Policy paper

ECHR memorandum

Updated 21 December 2018

This was published under the 2016 to 2019 May Conservative government

European Convention on Human Rights

Summary of the Bill:

1. The Immigration and Social Security Co-ordination (EU Withdrawal) Bill (“the Bill”) was introduced in the House of Commons on 20 December 2018. The Bill has three parts:

  • Part 1: Measures relating to ending free movement
  • Part 2: Social security co-ordination
  • Part 3: General.

Part 1 of the Bill: Measures relating to ending free movement

2. Part 1 of the Bill enables the establishment of the future immigration system following the UK’s withdrawal from the EU. Part 1 ends the EU’s rules on free movement of persons and other retained EU law on immigration which will have been saved as, and incorporated into, UK law by the EU (Withdrawal) Act 2018 (“EUWA”). Part 1 also makes provision to protect the position of Irish citizens once their free movement rights end (clause 2).

3. As a consequence of ending free movement, the Bill will move those within the scope of free movement of persons (“EEA nationals”: see paragraph 6 for further explanation) from a rights based immigration system derived from EU law into the domestic immigration framework established by the Immigration Act 1971 (“the 1971 Act”). The Bill will achieve this by repealing the provision at section 7 of the Immigration Act 1988 whereby such persons do not currently require leave to enter and remain in the UK. As a result of this change, EEA nationals will require leave to enter and remain in the UK, as is currently the case for those non-EEA nationals who do not fall within the scope of free movement: this will be the effect of clause 1 and Schedule 1 to the Bill.

4. The Bill sets the basis for the future immigration system for EEA nationals, but it does not set out the detail of this system. The details of the future immigration system (i.e. the requirements to be met to come to the UK as a worker, student, family member, etc.) will be provided for in the Immigration Rules and by other existing powers to make secondary legislation in due course.

5. Neither does the Bill make transitional, transitory or saving provision in relation to the position of EEA nationals currently in the UK; although it contains the necessary powers to do so.

Terminology

6. The term “EEA nationals” is used throughout this document in relation to Part 1 of the Bill:

  • the changes made by the Bill generally apply to EEA nationals and not only to EU citizens. This is because (i) the free movement principles of EU law apply to the EEA States; and (ii) as a result, the majority of the provisions of retained EU law that will be repealed, revoked or amended by the Bill extend beyond EU citizens to EEA nationals.
  • for these purposes, “EEA nationals” should be understood as including Swiss nationals, unless otherwise stated, as Swiss nationals are also within the scope of the UK’s implementation of EU free movement law – primarily through the Immigration (European Economic Area) Regulations 2016 (the “EEA Regulations”).
  • the Bill will make provision for the position of Irish citizens in UK law.
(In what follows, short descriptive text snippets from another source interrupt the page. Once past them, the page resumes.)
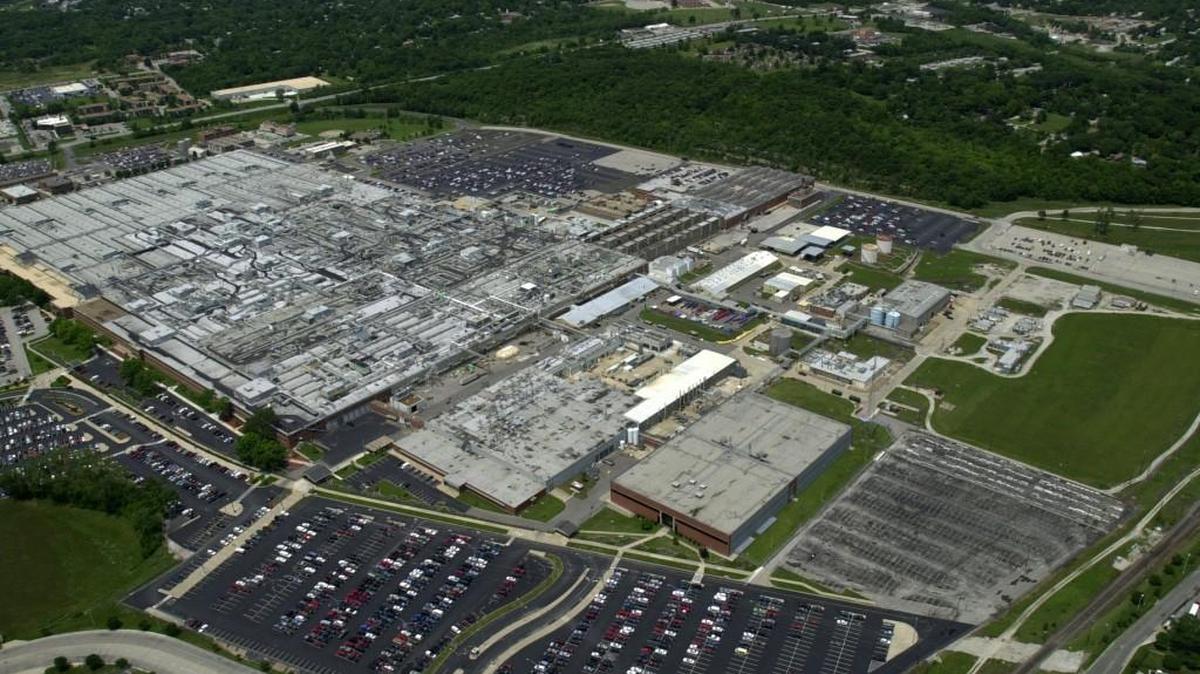 The expansive Bannister Federal Complex near Troost Avenue and Bannister Road includes buildings that were used for decades by workers making parts for nuclear weapons. This aerial view looks northwest.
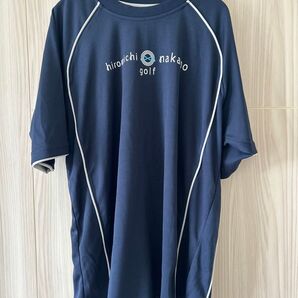 hiromichi nakano golf 半袖 Tシャツスポーツ ネイビーL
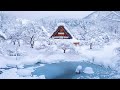 🔥Beautiful Snow Scene - Winter Scene - Relaxing Piano Sleep Music: Meditation, Study & Spa Music #32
Unless the context requires otherwise, and/or it is stated otherwise, references to “EEA nationals” in this Memorandum excludes Irish citizens.
  • for these purposes, and unless the context requires otherwise, “EEA nationals” includes non-EEA nationals who are entitled to rely on free movement rights, such as the family members of EEA nationals.
  • when this Memorandum refers to “non-EEA nationals” it means, unless otherwise specified, those non-EEA nationals not exercising free movement rights.

The extent to which this Memorandum addresses the detail of the future immigration system

7. The intention is to rely on current domestic law powers, in particular, the power at section 3 of the 1971 Act to make Immigration Rules, to provide for the future immigration system in due course. As such, this Memorandum does not address Convention issues arising in relation to the future immigration system.
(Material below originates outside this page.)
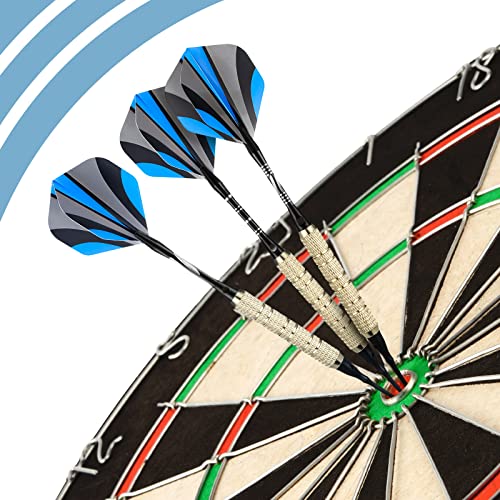 Black Style Aluminium Dart Shafts 50/53mm with Rubber Rings - Skylety 30 Pcs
8. As regards EEA nationals who have exercised free movement rights before the UK’s withdrawal, the Department notes the Committee’s particular concern about such persons in its fifth report of the last session, The Human Right Implications of Brexit. Insofar as such persons will be affected by this Bill, the Department will ensure that the Convention rights of such persons are respected. As regards such persons, the UK reached an initial agreement with the EU as set out in the provisional (at the time of writing) UK-EU Withdrawal Agreement; if an agreement is not reached with the EU on such matters, the Government has nonetheless committed to protecting the rights of such persons in substantially the same manner as their rights would have been protected were there an agreement[footnote 1]. In practice, the rights of EEA nationals who are in the UK before EU exit to enter and remain will be given effect via Appendix EU of the Immigration Rules[footnote 2], with appropriate savings provisions to enable EEA nationals to be able to submit applications for leave before they require leave to remain. As the Bill does not make provision for these issues, this Memorandum does not address Convention issues that might arise in this regard.
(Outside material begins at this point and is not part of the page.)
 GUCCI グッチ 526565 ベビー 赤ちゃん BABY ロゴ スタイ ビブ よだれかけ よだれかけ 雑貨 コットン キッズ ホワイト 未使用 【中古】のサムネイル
Part 2 of the Bill (Social security co-ordination)

9. Part 2 of the Bill makes provision, in light of the UK’s exit from the EU, to enable the UK Government (and/or, where appropriate, a devolved authority) to make legislative changes to the social security co-ordination regime that will be retained into domestic law, by the EUWA, on exit.

10. Clause 5 enables an “appropriate authority”, being the Secretary of State or the Treasury, a devolved authority, or a Minister of the Crown acting jointly with a devolved authority, to make regulations modifying specified direct EU legislation relating to social security co-ordination, which will have been retained (and fixed, using the section 8 deficiencies power) under the EUWA. The power is broad so that it provides the necessary flexibility to be exercised in a range of scenarios. The clause also provides for consequential provision to be made to any provision made by or under primary legislation or retained direct EU legislation not listed in the clause. This allows modifications made to the listed retained direct EU legislation to be reflected, where necessary, across the complex legal framework in this area.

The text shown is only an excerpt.